Repentance then, at its core, is a relational act. It isn’t a transaction by which we earn acceptance, salvation, or forgiveness; that’s all been done already by Jesus in His death and resurrection! Rather, it’s the restoration of our relationship with God that our sin has kept us from rejoicing in. In other words, we repent because we want more of God Himself and our sin is keeping us from experiencing the joy, life, peace, and rest in Him that Jesus died to give us!
Once we begin to see this, repentance becomes a blessing instead of a burden because, as sinners, it is our surest path to true and lasting joy in our relationship with Jesus. But what should this kind of repentance look like?
Step 1 | Be Honest (1 Corinthians 11:28; 2 Corinthians 13:5)
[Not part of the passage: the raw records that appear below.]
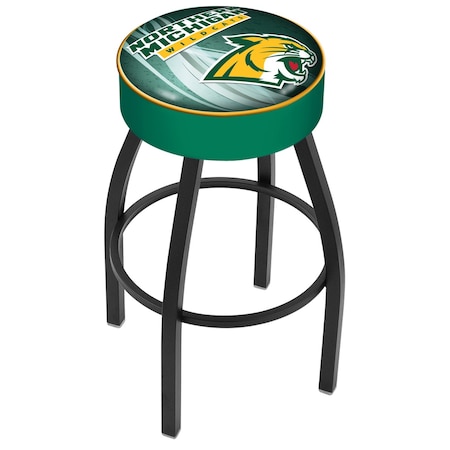 Holland Bar Stool Co 30" Northern Michigan Cushion Seat, Blk Wrinkle Base Swivel Bar Stool L8B130NorMic-D2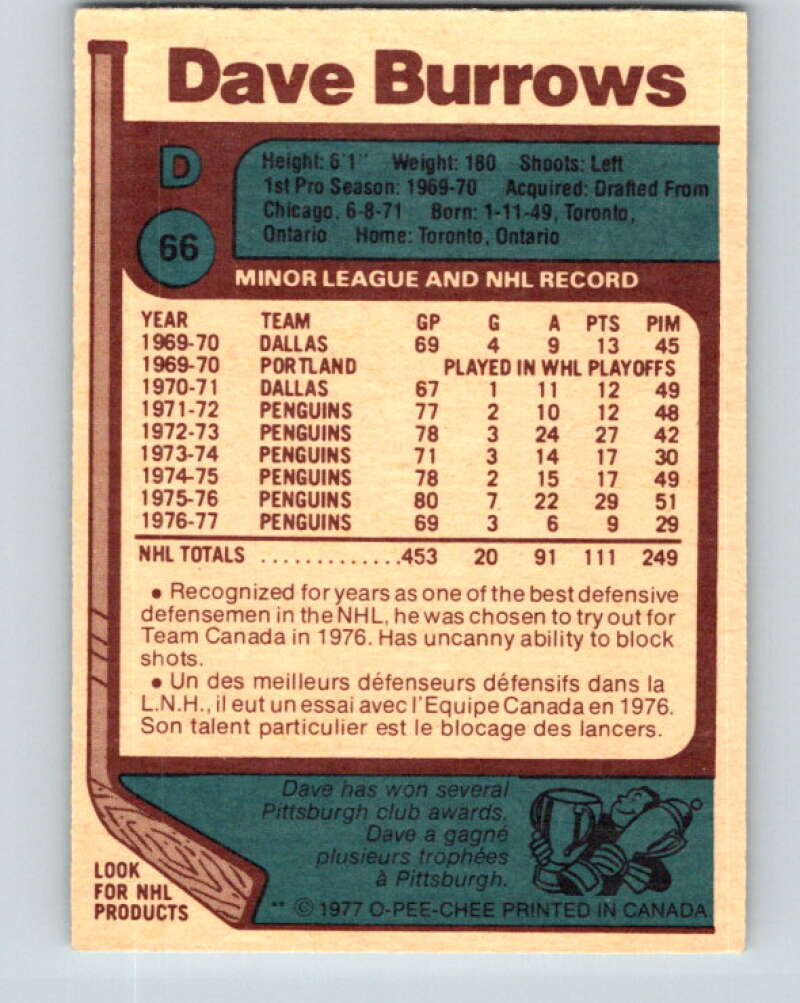 1977-78 O-Pee-Chee #66 Dave Burrows Pittsburgh Penguins V13373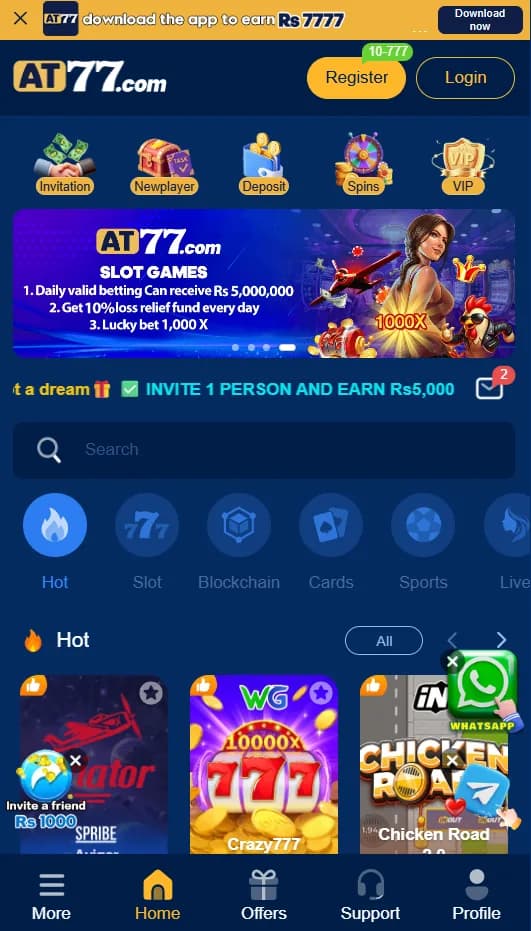 AT77 app home screen — slot games, Aviator, Plinko, live casino categories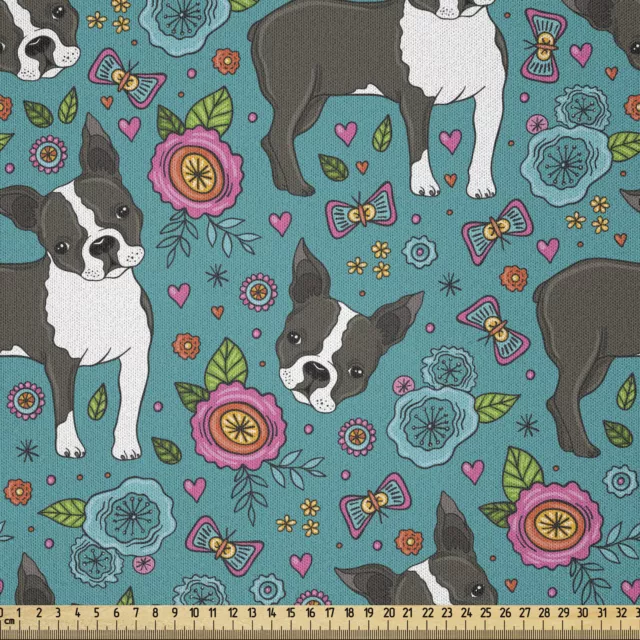 Hund Microfaser Stoff als Meterware Woodland Boston Terrier Floral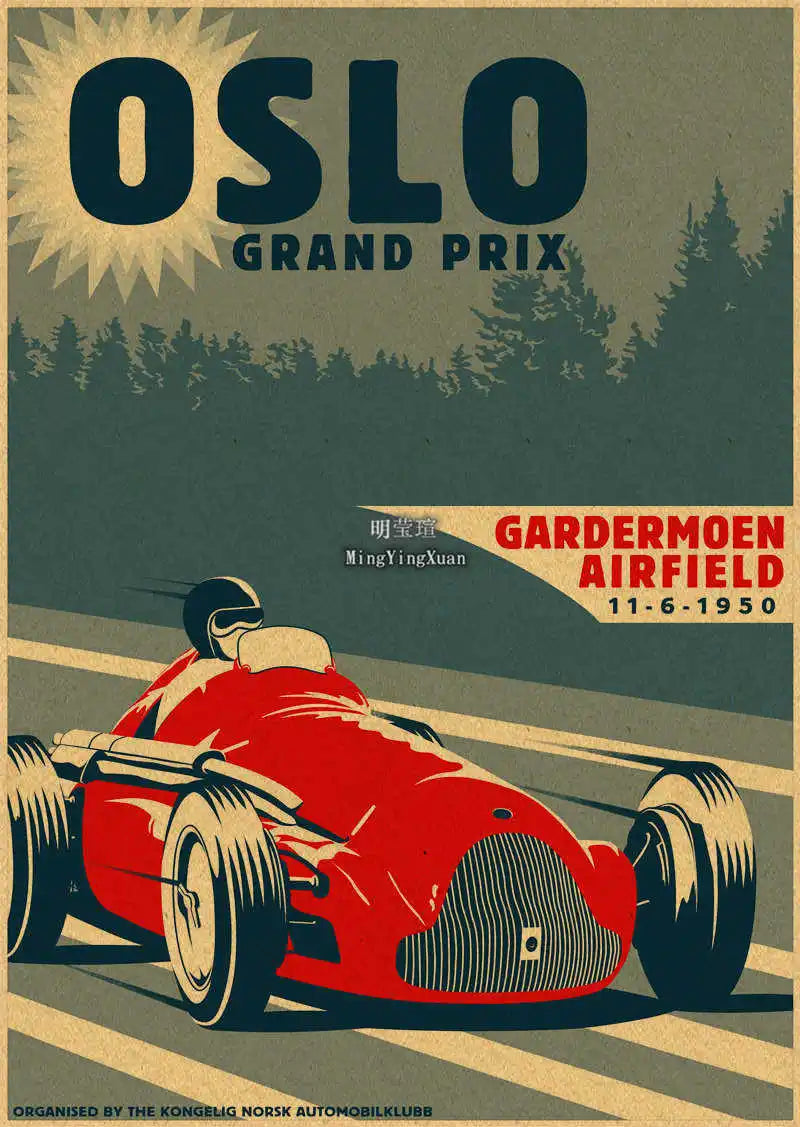 Vintage 1980s Racing Car Kraft Poster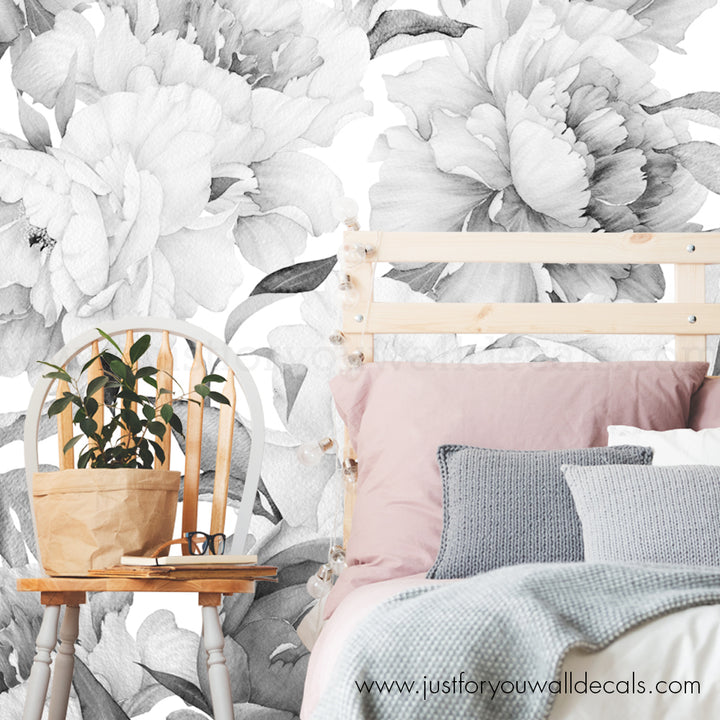 Peony Flower Mural Wallpaper - Black and White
If we want to grow in knowing, loving, & following Jesus, we must be committed to living according to His Word. All true repentance begins with honest, deep, Biblical self-evaluation rather than a quick check of cultural and church norms or comparing oneself to others.
Step 2 | Be Humble (Luke 18:9-14; James 5:16; 1 John 1:9)
If the Bible is true then sin should never catch us by surprise. Therefore we should be quick to doubt ourselves rather than scared of being “found out” as a sinner in need of grace. As this happens, we will be set free from self-protection and self-promotion, and we will be driven to confess our sins as Scripture commands because we have nothing to lose and everything to gain.
Step 3 | Be Hopeful (2 Corinthians 12:9, Colossians 2:13-15)
We can only be honest and humble if we know that the grace of our God will be enough to bear the full weight of our sin. Therefore we must cultivate a deep, rich understanding of this grace by remembering what God has done for us in Jesus, resting in the promises of His Word, relying on the work of His Spirit, and rejoicing in the truth that God’s grace is power.
Step 4 | Be Happy (2 Corinthians 1:20; Galatians 5:1; 2 Peter 1:3-4)
If repentance does not lead to joy then it is not true repentance. As mentioned above, repentance is the process through which we, as sinners, are restored to right relationship with our strong and beautiful God. And because our God is stronger than anything we fear and more beautiful than any temptation we face, we can live in freedom and joy only when we find that life in Him! We don’t repent to get God’s blessings, God’s forgiveness, God’s favor, God’s love, or God’s grace. We repent to get more of God! And when we do, He is faithful to give us all that we need.